Spirit of the land

Pepita Seth talks to Preeti Zachariah about Kerala and all that she loves about it

April 21, 2013 03:43 pm | Updated 03:43 pm IST

In communion: The spirit of the land is the same anywhere, insists Pepita Photo: K. Gopinathan

In communion: The spirit of the land is the same anywhere, insists Pepita Photo: K. Gopinathan

They say that Kerala was born when Parasurama threw his axe across the ocean creating land out of its watery depths. Perhaps this is why the lush, sprawling terrain cocooned by tranquil waters is often referred to as God’s own country.

But for British-born photographer, writer and winner of the 2012 Padma Shri award for literature and education, Pepita Seth, Kerala is simply home. “Something spoke to me and kept on speaking to me here,” she admits, a deep rooted love for the State evident in her voice, as she details her nearly 40-year long liaison with it. The author of Heaven on Earth, the Universe of Kerala's Guruvayur Temple , which explores every aspect of Kerala’s most important temple adds that she has never had an issue gaining access to Guruvayur. “If you put in the time, people come to know and to trust you and if you ask for permission you are more likely to get it,” she says.
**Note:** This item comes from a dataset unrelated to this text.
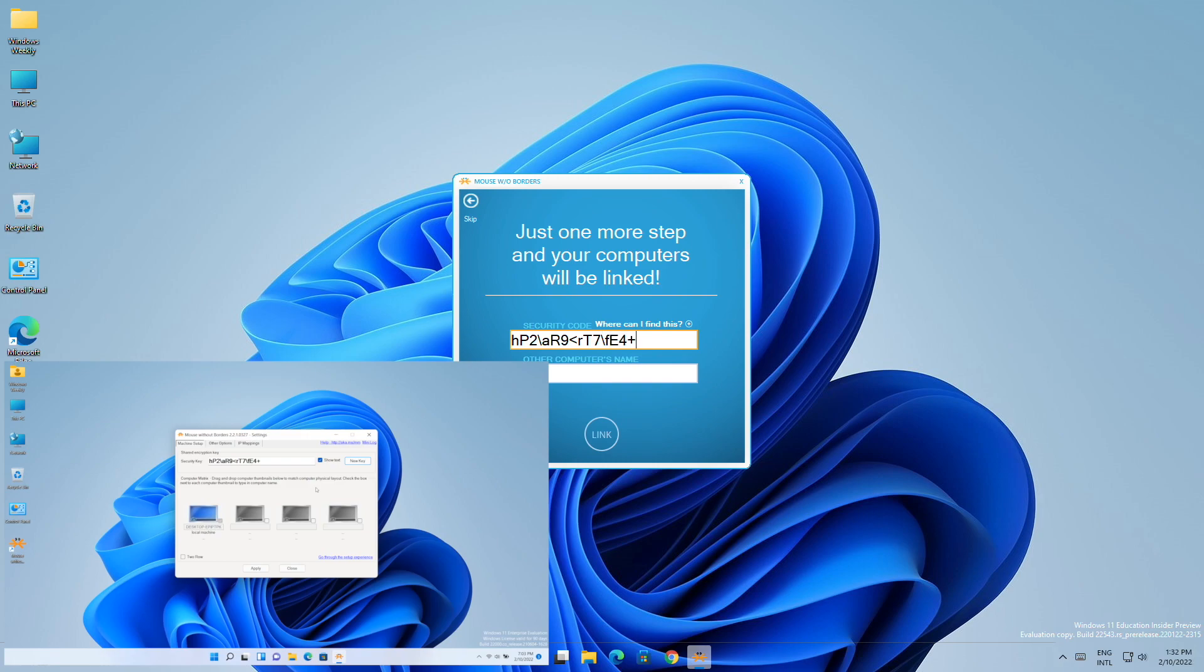After entering the security key, enter the computer name of the second PC. You can find it here or in settings as well.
Born in London, Pepita spent her formative years in an isolated farm in Suffolk, England, “I had a slightly unusual upbringing. I was sort of educated at home. My parents were far too busy to spend time with me. My brother was sent off to school and the only people who I interacted with were the people who worked on the land,” she says adding that this was possibly why she had developed such a profound kinship with Kerala and its people. “The spirit of the land is the same anywhere. In a strange way Kerala reminds me of home,” she says.

Despite her lack of formal education, Pepita gleaned immense knowledge through the books that she devoured, “I had a bizarre education. I never went to college or anything like that. But I always read voraciously,” she says. The unearthing of her maternal grandfather’s diary in which he had detailed the march from Calcutta to Lucknow in 1857, lead to an interest in India and she first came to the country in 1970 to retrace that march.
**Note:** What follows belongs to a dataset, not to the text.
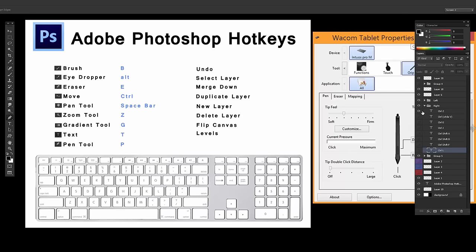Undo, like in any program, it's Control-Z. Select Layer is Control-While-V. So while you have the Move Tool selected, it's up here on the top left. And by the way, it's V to get to that.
Her brush with India left her wanting more and so she returned again in 1972, this time to study elephants, “I have always had a fascination for elephants,” she laughs. “I came back to find out more about them — that inevitably meant coming to Kerala. And I just fell into a whole new world,” she says. The first photograph she took — of Guruvayur Kesavan, the legendary temple elephant — went on to become an iconic one. Thus began her tryst with Kerala, especially Guruvayur and she returned over and over again, in between her assignments in England where she worked as a film editor, “I worked in film making for over 18 years and though I don’t miss it, it is good training as it heightens your visuals,” she says.

Her first major project in Kerala was a series of photographs on Theyyam, a form of ritual worship and she spent over five years bringing out a book on it titled Reflections of the Spirit: The Theyyams of Malabar, “The book was a catalogue for an exhibition in New York really,” she says. Yet the Theyyam universe is vast and highly complex and she knew she had to do more.

She also knew that it was difficult to do it alone. Her current project in collaboration with two other experts on the subject, attempts to document every aspect of Theyyam, a daunting task. “Theyam is 2000 shrines with about 800 deities and 15 performing communities. To get in-depth sustained access is not easy and it is far too big a project but I’m now too deep in it,” she says.

“I have absolutely no agenda in this but to tell the truth. This should be seen as the voices of the Theyyam community and I don’t want to romanticise it.”